● Task to carry out
With the pictures removed, reproduce exactly the lines from the one that contains "Starting in early" through the last line of the entries below.

● Dataset extract

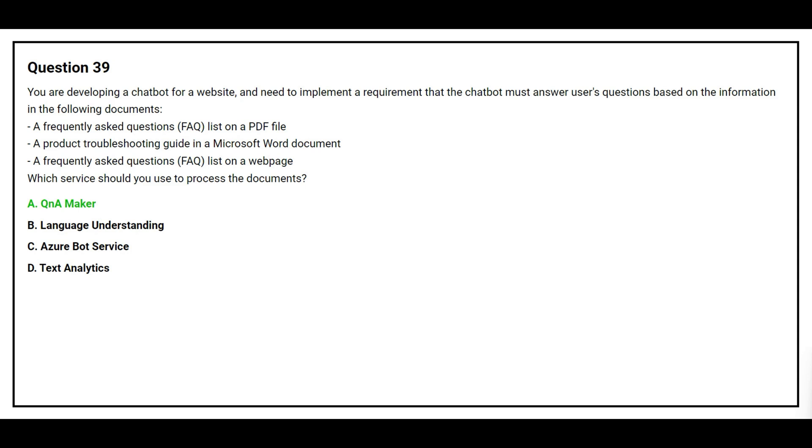The correct answer is Option A: Q&A Maker.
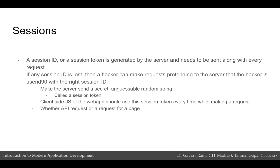A session ID or session token is generated by a server and needs to be sent along with every request by the client, which in our case is the browser. It is important to understand that if the session ID is lost or compromised and a hacker gets access to our session ID, then the hacker can make requests using that session ID and fetch data that belongs to the user. The client-side JavaScript must use this session token every time it makes an Ajax or API request, and also when the browser requests access to a privileged page - for example the /emails or /inbox page - the token should also be sent along.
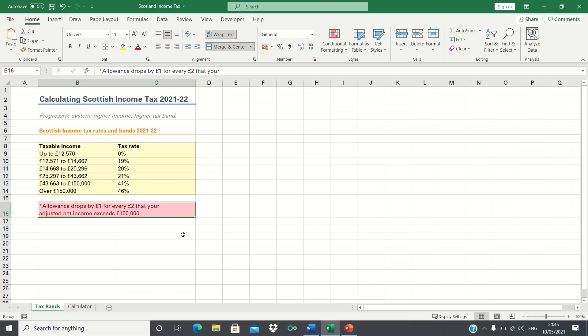In this video, I'll show you how to calculate this year's Scottish income tax in Excel.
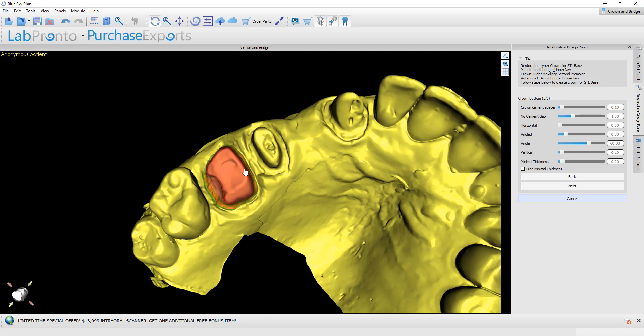Here we have the proposed crown bottom and all of our various sliders regarding the angulation, the spacers, and the cement gap. We're going to go ahead and click Next.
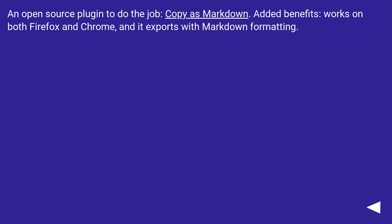An open source plugin to do the job: Copy as Markdown. Added benefits: works on both Firefox and Chrome, and it exports with Markdown formatting.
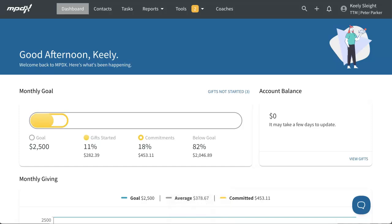Starting in early 2023, the MPDX team has been working to refresh the screens in MPDX. As we've worked, we've created instructional videos and written help documentation to explain the changes and help you as you use MPDX. In this video, we will show you the refreshed screens and where to go to watch the MPDX training videos that best suit your MPDX how-to needs.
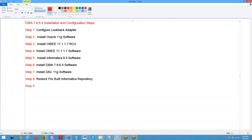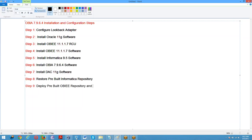Step 9: Deploy and Rebuild OBIEE Repository.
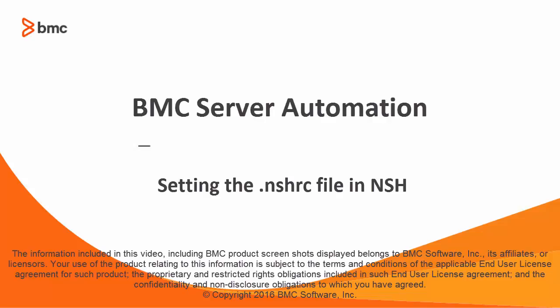Hello, this video describes how to set the NSHRC resource file in the BMC Server Automation Network Shell.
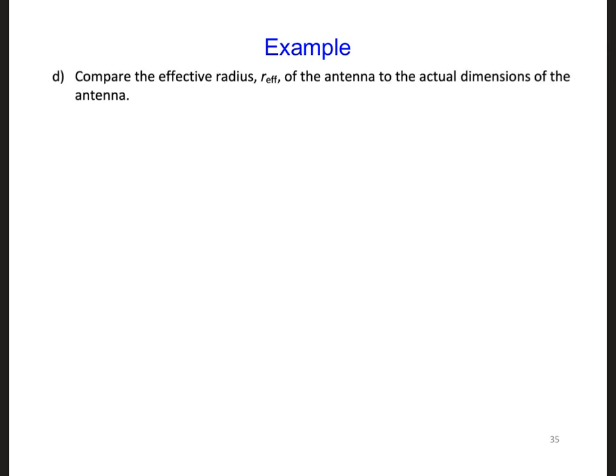And lastly, for part d, compare the effective radius of the antenna to the actual dimensions of the antenna.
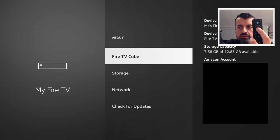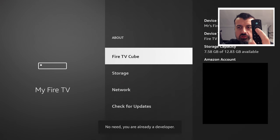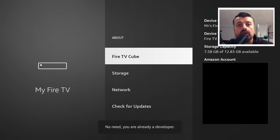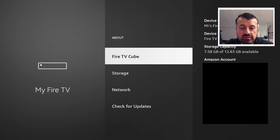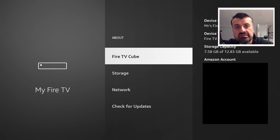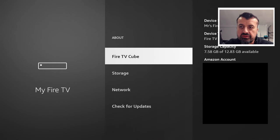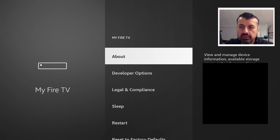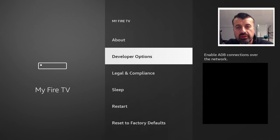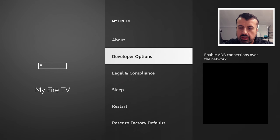So one, two, three, four, and you can see in mine, it says I'm already a developer. On your device, if it's the first time you've done this, when you get to the seventh click, you will get the message that you're now a developer, which means you can now press back and you will then see the developer options.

● Answer to this problem
Starting in early 2023, the MPDX team has been working to refresh the screens in MPDX. As we've worked, we've created instructional videos and written help documentation to explain the changes and help you as you use MPDX. In this video, we will show you the refreshed screens and where to go to watch the MPDX training videos that best suit your MPDX how-to needs.
Step 9: Deploy and Rebuild OBIEE Repository.
Hello, this video describes how to set the NSHRC resource file in the BMC Server Automation Network Shell.
And lastly, for part d, compare the effective radius of the antenna to the actual dimensions of the antenna.
So one, two, three, four, and you can see in mine, it says I'm already a developer. On your device, if it's the first time you've done this, when you get to the seventh click, you will get the message that you're now a developer, which means you can now press back and you will then see the developer options.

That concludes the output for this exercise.